Calender spreads require for you to look at the implied volatility or both legs very closely. The short leg must have a higher volatility than your long leg. Remember that on the short leg we are actually short vega. If the IV on the short leg is much higher than the long leg, then we will benefit much more from a drop in IV on that short leg. If the long leg has a higher IV, then we will only take a small gain from the short vega on the short leg, but we will take a large loss on the long vega on the long leg.

Enjoy.
 
Implied volatility is typically a difficult thing for beginning traders to understand. When IV is high, the stock is expected to move quite a bit. This causes option premium to rise. If the stock is not expected to move much, this causes option premium to drop.

At the same time, if the stock is slowly making its way up, this will bring down IV. Reason is that in a bull market traders are more cautious to buy calls. When the markets are dropping quickly, everyone and there mom are rushing in to purchase puts or short stocks to hedge their positions. The demand for puts in a down market versus calls in a bull market is a tremendous difference. This causes IV to increase mostly in a bear market.

There are expectations - such as catalysts. If earnings is coming up, you can bet that IV will be sky high. This will be the case even if the stock is trending down or up. As soon as the catalyst goes by, there will be a vega crush. (extreme drop in vega)
 
Implied volatility is typically a difficult thing for beginning traders to understand. When IV is high, the stock is expected to move quite a bit. This causes option premium to rise. If the stock is not expected to move much, this causes option premium to drop.

At the same time, if the stock is slowly making its way up, this will bring down IV. Reason is that in a bull market traders are more cautious to buy calls. When the markets are dropping quickly, everyone and there mom are rushing in to purchase puts or short stocks to hedge their positions. The demand for puts in a down market versus calls in a bull market is a tremendous difference. This causes IV to increase mostly in a bear market.

There are expectations - such as catalysts. If earnings is coming up, you can bet that IV will be sky high. This will be the case even if the stock is trending down or up. As soon as the catalyst goes by, there will be a vega crush. (extreme drop in vega)

strip out all acronyms, references to greek letters & options labels, and its a lesson that elementary school kids would grasp in 2 seconds. not a rip on you mcgrunin, you seem pretty sharp... but options traders in general have a bad habit of trying to make simple shit sound complex.

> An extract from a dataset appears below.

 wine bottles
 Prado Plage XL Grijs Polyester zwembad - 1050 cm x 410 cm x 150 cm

tell a 3rd grader to expect a vega crush after a catalyst goes by & you'll get a blank stare. tell him that people will react to what happens once it happens, and he'll look at you like you're retarded and thank you for wasting his fucking time.
 
strip out all acronyms, references to greek letters & options labels, and its a lesson that elementary school kids would grasp in 2 seconds. not a rip on you mcgrunin, you seem pretty sharp... but options traders in general have a bad habit of trying to make simple shit sound complex.

tell a 3rd grader to expect a vega crush after a catalyst goes by & you'll get a blank stare. tell him that people will react to what happens once it happens, and he'll look at you like you're retarded and thank you for wasting his fucking time.

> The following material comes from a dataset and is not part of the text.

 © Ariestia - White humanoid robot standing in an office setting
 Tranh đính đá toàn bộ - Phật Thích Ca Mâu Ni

Course, which is why it took me a while to understand everything when I first started. Many of the webinars or analysis you read online will stick to this jargon. In my posts I attempt to use the jargon and then break it down so it is understandable from this point on.

Somewhat off topic but the funniest thing is watching traders going crazy after an earnings release on StockTwits. That site has a similar platform such as Twitter but is meant to follow stocks. After every earning release you will find someone saying "I purchased calls in X stock right before earnings, and it beat earnings and went up. I just checked my position this morning but I am down 40% on my position. Who is scamming me." Really goes to show you how many people attempt to trade options when they should not.
 
I would like to point on VIX. This product is typically used to guage the amount of fear in the markets. The equity markets and VIX have an inverse relationships.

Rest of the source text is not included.